E’ una Mary Poppins più malinconica quella pensata da Rob Marshall per Il Ritorno di Mary Poppins, sequel supercalifragilistichespiralidoso del classico Disney del 1964 di Robert Stevenson: la splendida Emily Blunt si infila nel soprabito, nel cappello e soprattutto sotto l’ombrello che furono di Julie Andrews rigettando il trucco anti-invecchiamento (digitale e non) e mettendo in mostra le rughe sotto gli occhi: sono passati più di cinquant’anni dal film originale e circa una trentina dagli eventi che narravano, i piccoli Michael e Jane sono diventati adulti e adesso hanno i volti rispettivamente di Ben Whishaw e Emily Mortimer (ma il vecchio banchiere Mr. Dawes è ancora interpretato da Dick Van Dyke, che negli anni è invecchiato esattamente come predisse il trucco del film di Stevenson) e Londra è caduta nella Grande Depressione.

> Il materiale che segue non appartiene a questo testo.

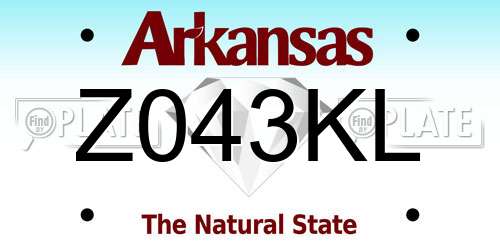 Z043KL Arkansas License Plate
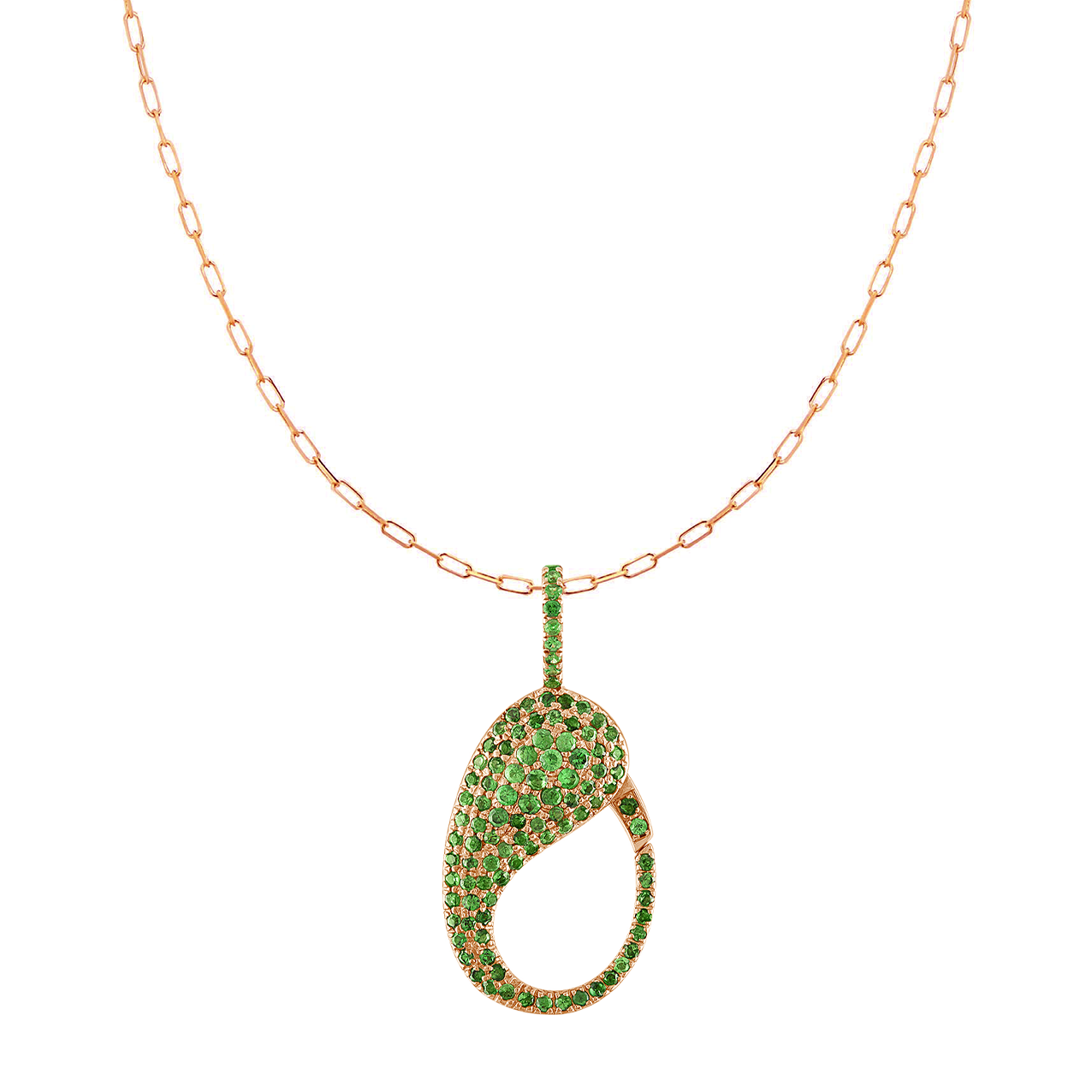 Green Tsavorite Pave Lock Charm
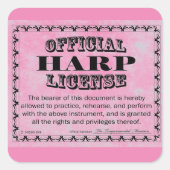 Harp License Square Sticker (Voorkant)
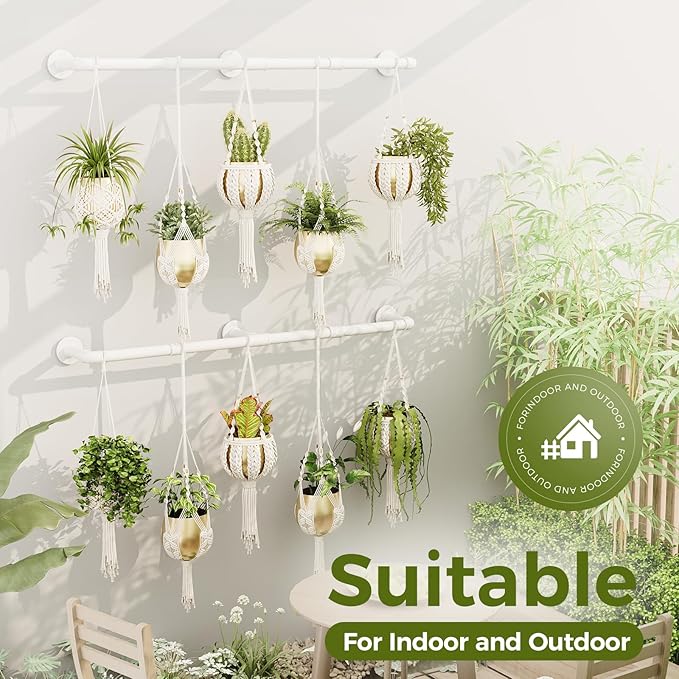 Bamworld Window Plant Hanger Indoor 63in 2PCS Hanging Planters for Indoor Plants Hanging Plants Holder Hanging Rod Window Plant Shelves Wall Planters Pot/Chain/Plant Not Included (White)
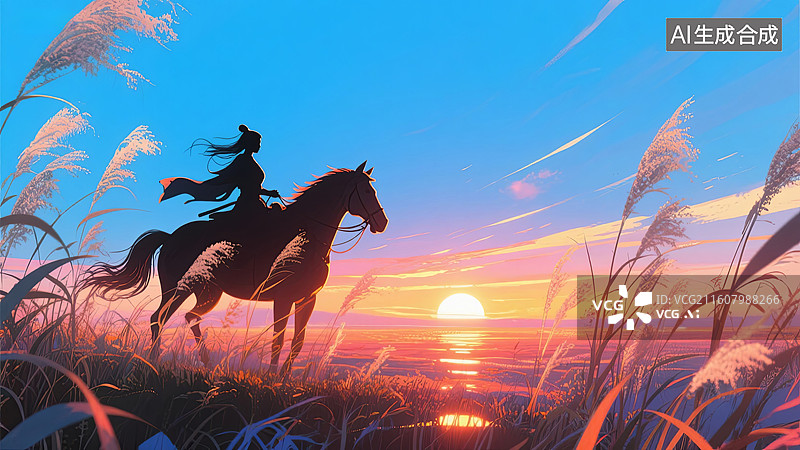 【AI数字艺术】夕阳芦苇荡中骑马的女侠国风插画图片素材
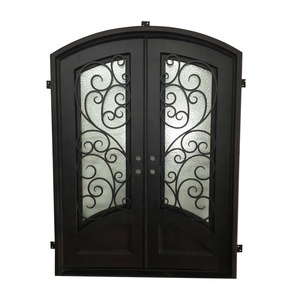 Villa française/forgé <span class=keywords><strong>Double</strong></span> Deign <span class=keywords><strong>Houe</strong></span>/porte d'entrée en verre en fer forgé pour la maison - Product Image 3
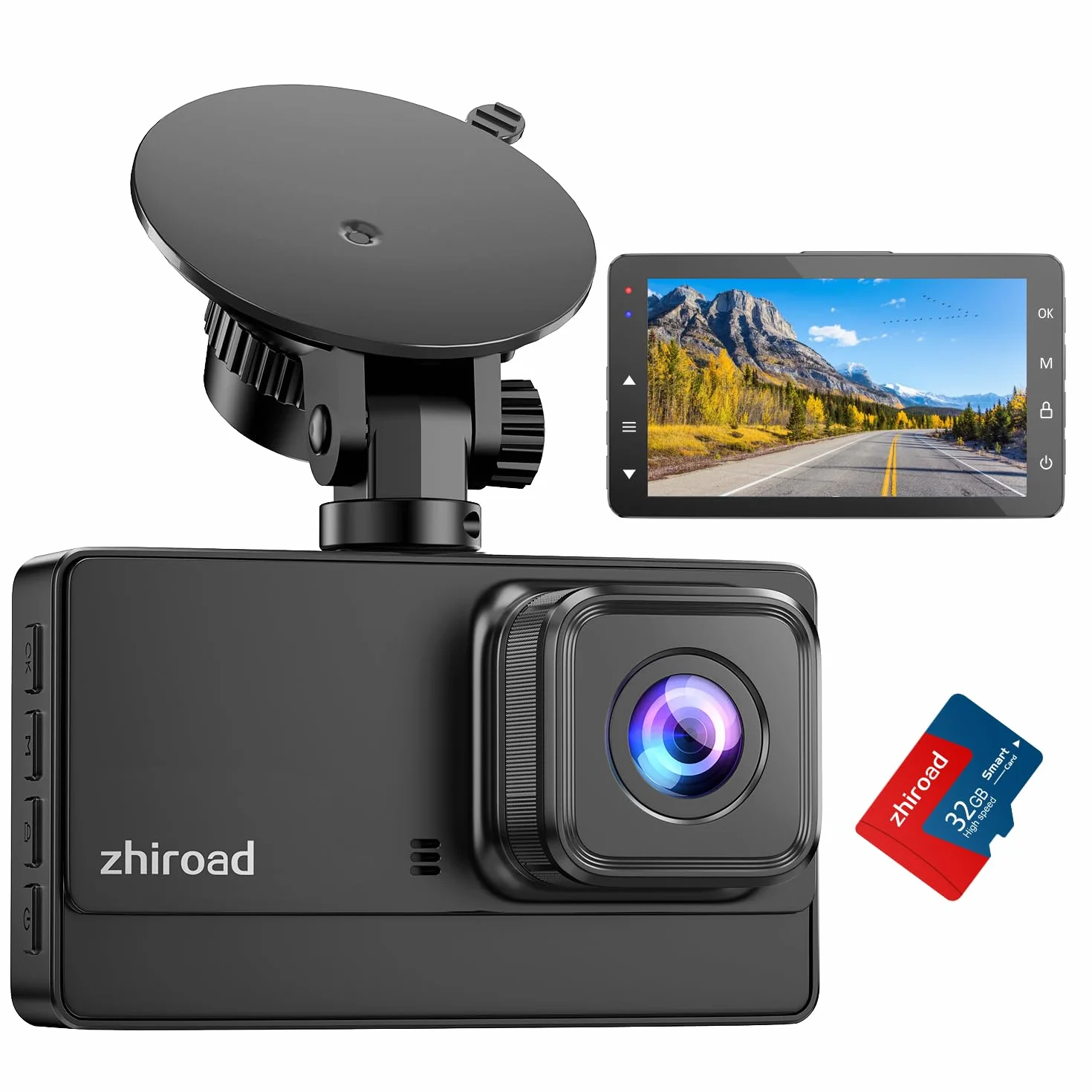 Rejestrator Jazdy Zhiroad Full HD 1080P, Dashcam z Karta SD 32 GB, Kamera Samochodowa z 3-cali Ekran IPS, Widok 176°, Wizja Nocna, Nagrywanie Pętli, Tryb Parkowania 24h, Czujnik Grawitacyjny, WDR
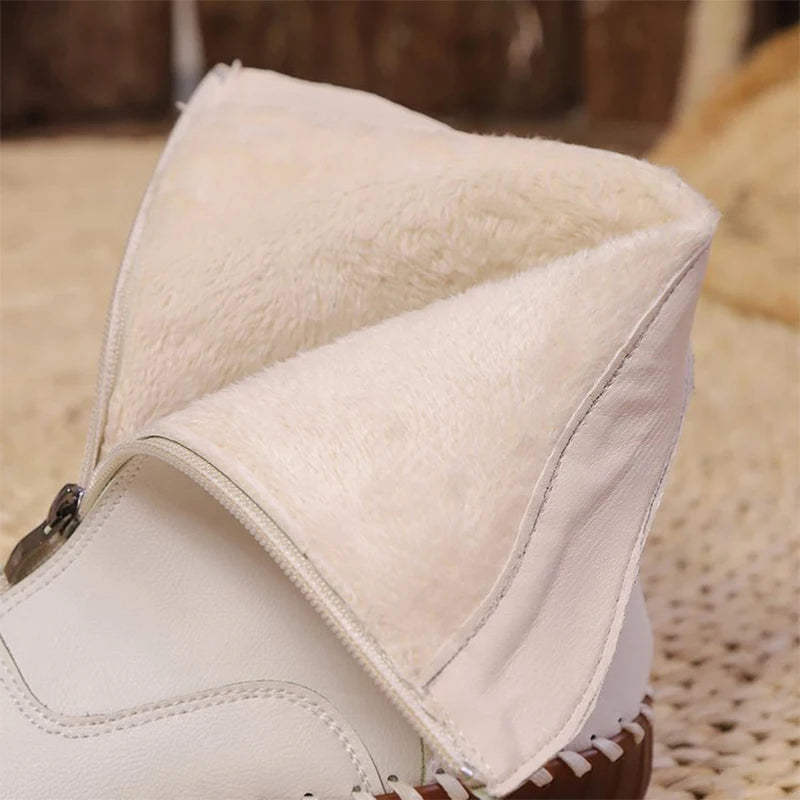 Vintage Pu Leather Mid-Calf Boots Women Winter Thick Warm Short Plush Boots Woman Zipper Flat Heel Beige Black Botas Mujer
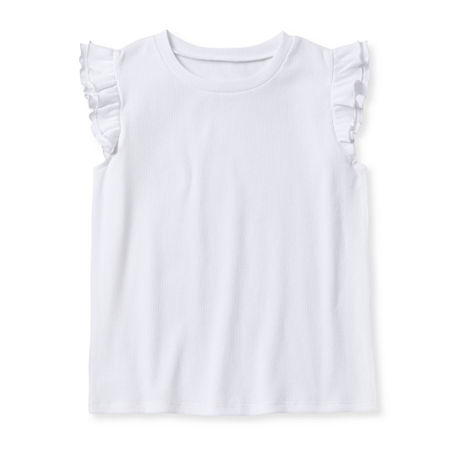 Thereabouts Little & Big Girls Round Neck Short Sleeve T-Shirt, X-large (16), White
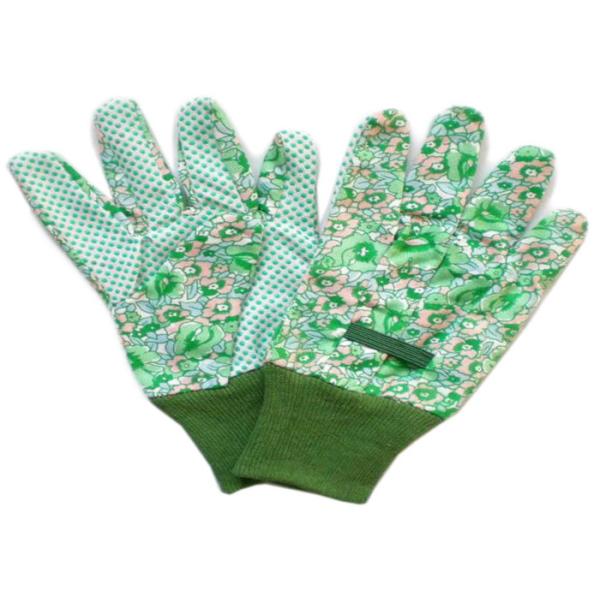 Green Knit Wrist Working Hands Gloves Green PVC Dot Grip Garden Cotton Canvas Gloves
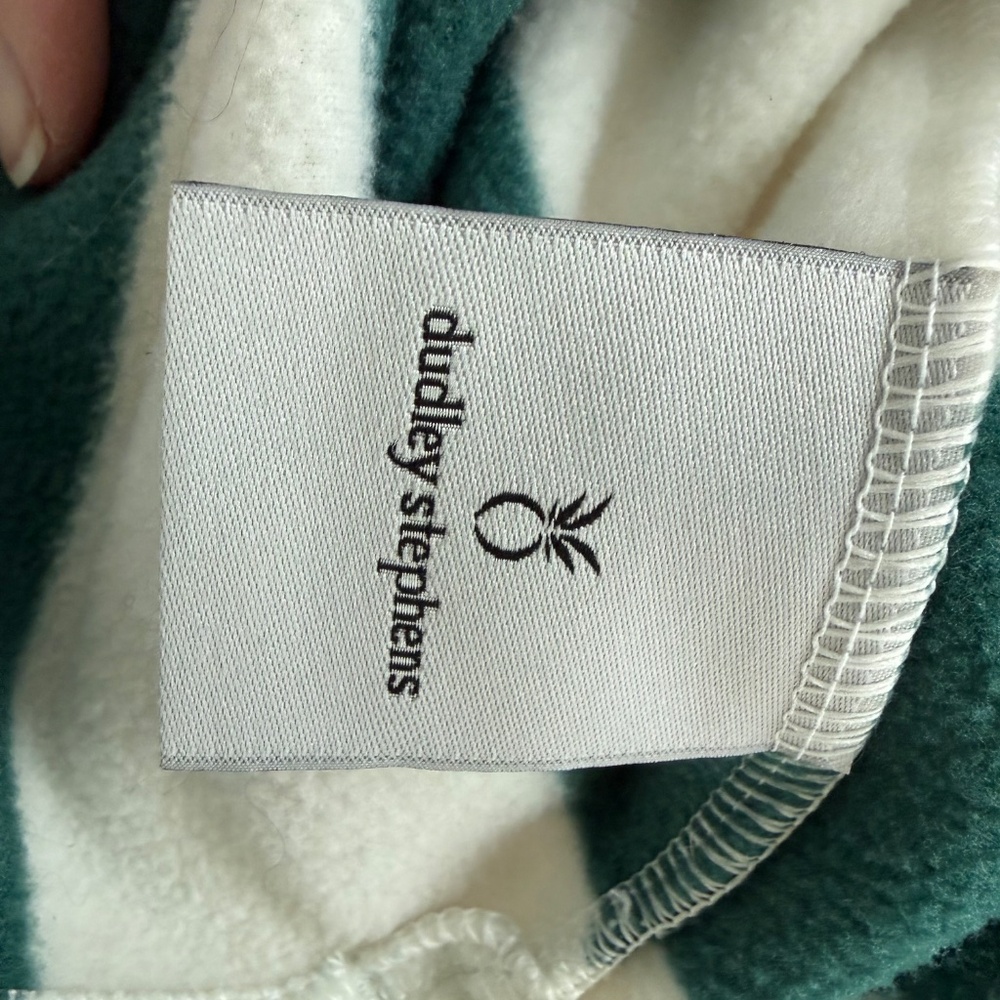 Dudley Stephens Vello Fleece Milton Street Turtleneck Green/White Stripe - Small - Picture 8 of 9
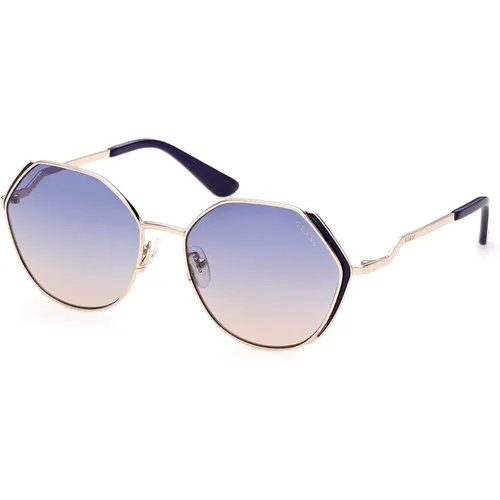 Gold Violett/Blau Sonnenbrille , Damen, Größe: 58 MM - Guess - Modalova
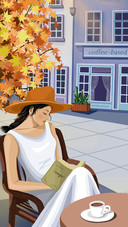 Elegant Lady Reading Book Outdoors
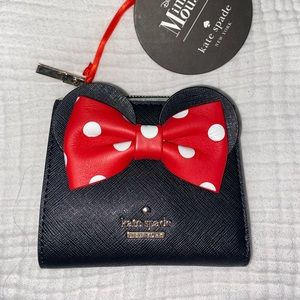kate spade x minnie mouse adalyn Small Leather Wallet - Black Red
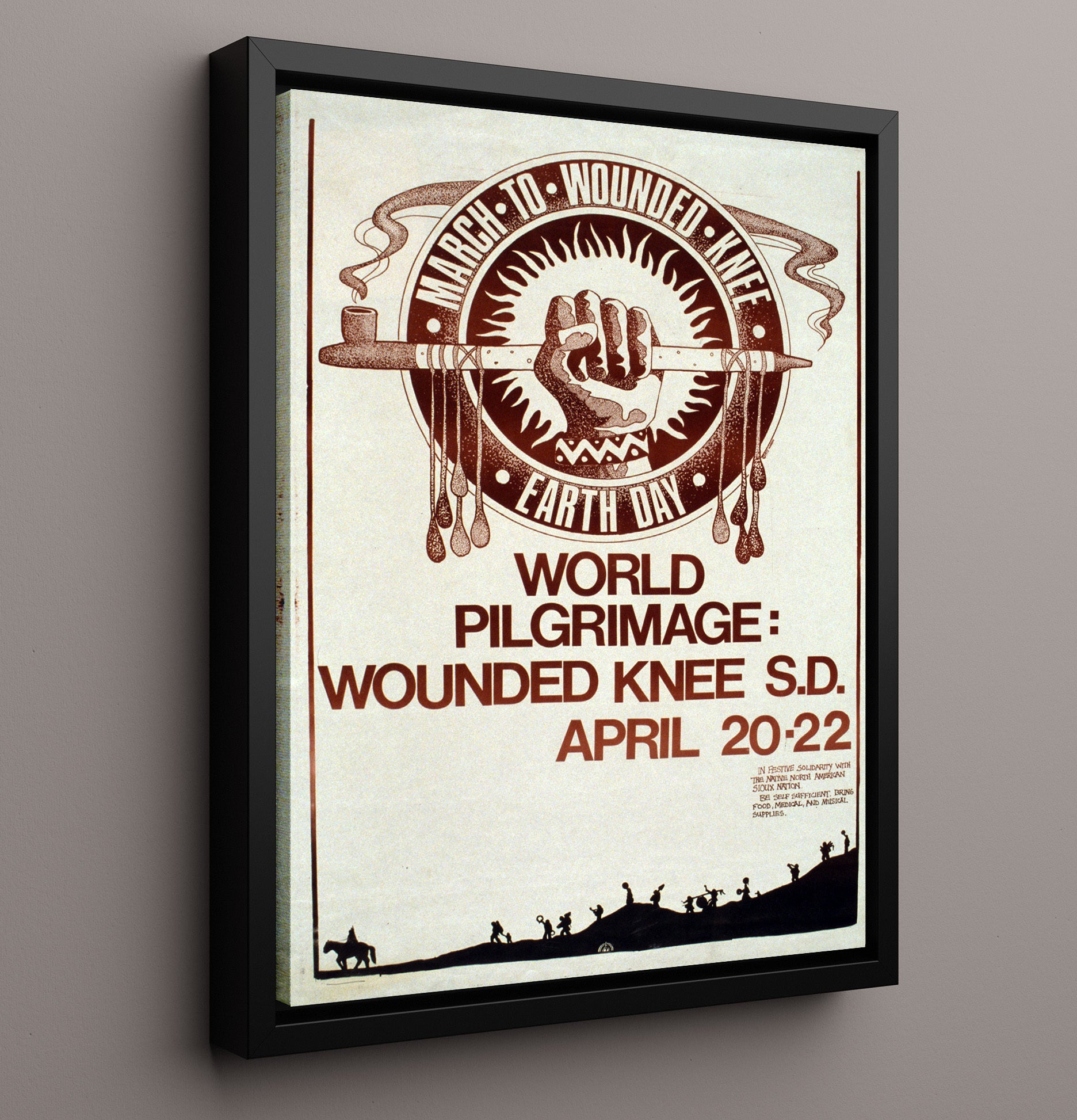 Wounded Knee Pilgrimage Counter Culture Wall Art 16x20 Framed Canvas wall art print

E in effetti è un film molto depresso e deprimente, quello immaginato da Marshall, grigissimo nel primo atto, pieno di nebbia e vento: la moglie di Michael è morta un anno prima dell’inizio del film, lasciandolo da solo a crescere i loro tre figli (Annabelle, John e George) e a badare al villino di famiglia; Michael è un pittore fallito che si è rimediato banchiere per riuscire a portare il pane in tavola per i suoi figlioli, ma il nuovo impiego potrebbe non bastare dato che a causa di un debito insoluto con la stessa banca per la quale lavora – e di cui suo padre George era socio anziano – la sua casa sta per essere pignorata.
Tante lacrime, canzoni struggenti, momenti tristi e poche speranze, decantate solo ed esclusivamente dall’onnipresente acciarino Jack (Lin-Manuel Miranda): poi arriva la Mary Poppins di Emily Blunt e tutto cambia, il sole finalmente torna a splendere su questa Londra sconsolata e soprattutto la magia si risveglia in casa Banks.
Marshall ricalca la sceneggiatura del film originale dimenticandosi però di tralasciare i difetti: la durata, oltre i 130 minuti, è davvero esagerata, l’intreccio è piuttosto schematico e ripetitivo nella sua natura quasi episodica tutta basata sugli stacchi musicali e il terzo atto è infinitamente lungo e poco incisivo, tutte stonature che caratterizzavano il film del ’64 e che qui ritornano esattamente come la tata protagonista. A differenza del film con la Andrews poi i brani mancano di incisività, non ci sono i tormentoni come A Spoonful of Sugar, Supercalifragilisticexpialidocious e ovviamente Chim Chim Cher-ee, e almeno alla prima visione sarà difficile che una singola traccia riesca a rimanervi in mente (e la colpa non è da imputare al doppiaggio italiano, comunque buono: le canzoni del primo film del resto erano perfette anche nella nostra lingua).
Dove invece questo sequel si esalta è negli aspetti tecnici, praticamente perfetti: coreografie, stacchetti, effetti speciali, montaggio e regia sono eccelsi, con Marshall sempre inventivo quando si tratta di escogitare nuove idee visive e la Blunt e Miranda meravigliosamente in parte. La sequenza che mescola live-action ad animazione 2d farà la gioia di grandi e piccini, suscitando lo stesso stupore che il primo film scatenò all’epoca, e da sola vale l’intero prezzo del biglietto. Anche per due.
Rob Marshall ha creato la favola perfetta per le nuove generazioni, sempre emozionante nonostante i piccoli difetti, cui comunque sarà facile non fare caso: in proiezione stampa c’erano così tante lacrime che sembrava di essere all’anteprima di Aquaman, quindi siete avvisati!